Beyond those I would even use BB plywood before MDF or Plastic for a miter bar.


----------



## Dwain (Nov 1, 2007)

I've used UHMW, aluminum and hardwood for runners on my sleds. I woudn't suggest MDF for all the reasons mentioned above. I think you would be happy with any of the three I've used. I have been. Hardwood probably wears the best, as it is less likely to dent over time. Still, I can't imagine it has much of an advantage over the the other two. I say use any one of those three, but stay away from MDF. I just don't think it will last.


----------



## Rick Dennington (Aug 27, 2009)

I would not use MDF for all the reasons stated above…..MDF has its place sometimes, but in this case….NOT.!


----------



## JAAune (Jan 22, 2012)

MDF can be soaked with epoxy to get a hard, durable surface. But epoxy isn't cheap either.


----------



## BlueRidgeDog (Jan 2, 2019)

You can mix oil based poly and spirits at 50/50 and apply it to the mdf to give it some toughness…will soak in. No harm in using what you have and experimenting. I use hardwood mostly because that is what I have heaps fo scraps of. Build it, use it, improve it, replace it. Sleds (IMHO) are consumable to a degree.


----------



## Desert_Woodworker (Jan 28, 2015)

MDF from the big box stores is not the same as a professional MDF- seek out the good stuff -Medite or Medex
Regardless, MDF or particle board, again no comparison- it is all about the rating i.e. A, B or C grades of your substrate. (density)


----------



## CodeDaddy (Nov 14, 2017)

therealStevenN: I wouldn't just "shoot a screw" through the MDF. I would attach it exactly the same way I did with the experimental UHMW I tried: drill a pilot hole, counter sink the screw head with a Forstner bit, and use a 5/8" pan-head wood screw. Seems to me that this would not break the MDF. But it would make it much weaker at the screw locations and maybe subject to future breakage at those points.

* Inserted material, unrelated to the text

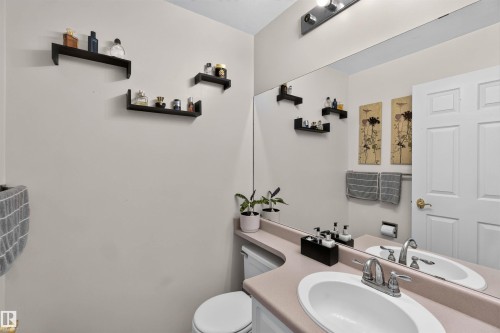 Bathroom featuring a vanity with an integrated sink, a large wall-mounted mirror, and a two-panel interior door - #28 3645 145 Av Nw, Edmonton, AB - Indoor Photo Showing Bathroom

However, from other comments, the MDF seems like a bad idea. I did not realize there was a swelling issue with humidity. The MDF fits perfect now (winter, low humidity) but I don't need trouble with swelling in higher humidity summer months. And treating it with some diluted finish just seems like too much trouble. The UHMW seems to be just perfect, at least for now, I guess time will tell. I do have some steel miter bar stock (I don't remember where I got them - had 'em for many years) that also fit the miter slot perfectly but I'm saving those for a big cross cut sled I plan to make after I finish the small-parts one that I'm starting now (using the UHMW). I've also thought about using hardwood but I'm leary of the humidity-swelling issue.

I'm not a total woodworking beginner, but maybe not quite up to "intermediate" yet. This is the 2nd time I've asked for suggestions on this forum and everybody has been so helpful.

Thank you.


----------



## Andybb (Sep 30, 2016)

Didn't read all of the above but….in my experience using MDF for that purpose, yes it always fits great in the slot but it swells depending on the weather so it gets a little tight when it gets humid out. Hardwood strips or stolen slices of my wife's HDPE cutting board are my choices.


----------



## WoodenDreams (Aug 23, 2018)

The thickness of the MDF bar will change at the screw area when you tighten the MDF bar to the sled. Causing the need to file down that area. and more apt to have slop in the track.


----------